The Warhammer 40k action figures made by Chinese manufacturer JoyToy will soon be getting company on the toy shelf, as the firm has just unveiled new 1/18 scale figures for Infinity the Wargame. JoyToy announced its partnership with Spanish game studio Corvus Belli in October 2022, and the new designs are available to pre-order from its online store today.
JoyToy already makes licensed action figures from a huge range of Warhammer 40k factions, including Space Marines, Chaos Space Marines, the Grey Knights, Astra Militarum, Adeptus Custodes, and T’au Empire.
This is the first time another wargame has received the JoyToy treatment. Infinity has a clean sci-fi aesthetic that borrows from anime, Mass Effect, and military sci-fi. It’s a natural fit for Joy Toy, which specialises in creating mechs and semi-realistic sci-fi military figures.
The walking war machine with missile launchers, giant hammer, and enormous shotgun is a Ratnik Heavy Infantry trooper from the Tartary Army Corps. According to a press release by Infinity publisher Corvus Belli this figure will be about 20cm tall, standing nose to nose with an Imperial Knight.

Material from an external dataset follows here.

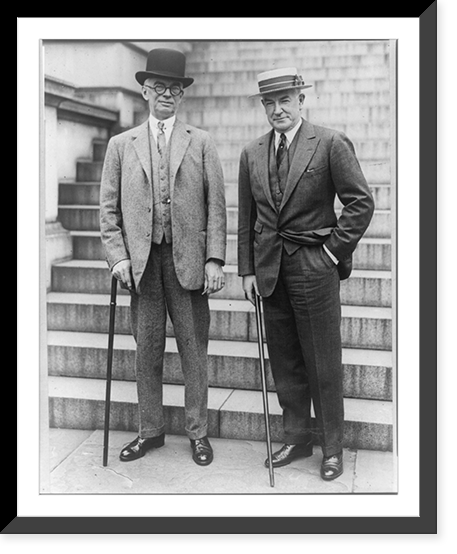Ambassadors George Harvey and Henry P. Fletcher, full length portrait, standing, Antique Poster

Its smaller buddies are Marauders from the USAriadna Ranger Force. In the Infinity setting both these troop types hail from the independent world of Ariadna, which has a culture derived from several 21st century nations who arrived on the first human colony ship to leave earth.

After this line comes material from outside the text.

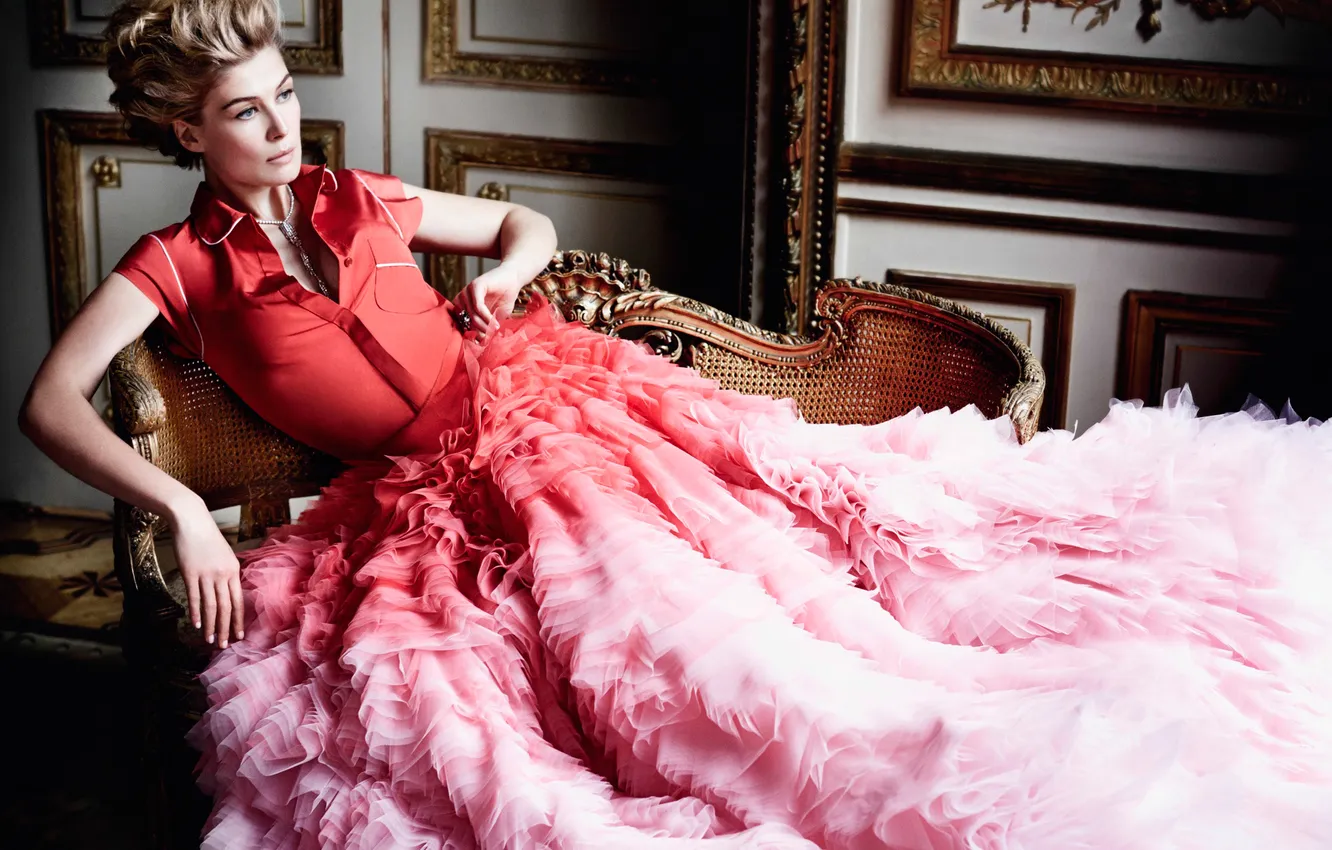 Фото обои фотосессия, Rosamund Pike, Vanity Fair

Corvus Belli promises more figures to come, including the French Ariadnan human / wolf-person duo ‘Equipe-Mirage Five’ (yes, Infinity has wolf-people), and the Panoceanian Teutonic Knights, who are what you would get if you made Warhammer 40k’s Black Templars in the Ghost in the Shell universe.
The figures are available to pre-order from the JoyToy website now, and there’s currently a discount on them. Once they go to their full RRP the infantry will cost $49.99 / £41 and the Ratnik will cost $94.99 / £78.
The undreamable dream for all these toys would be to play out a full miniature wargame using 1/18 scale action figures. That’s slightly more achievable for Infinity than it is for Warhammer 40k; Infinity focuses on small engagements between special operatives, and uses around 10 models per side.
While Warhammer 40k got in ahead of Infinity for an action figure line, it was far from the first wargame to have matching children’s toys – Battletech had a line of gloriously tacky plastic Battlemechs and pilots from Tyco toys in the ‘90s.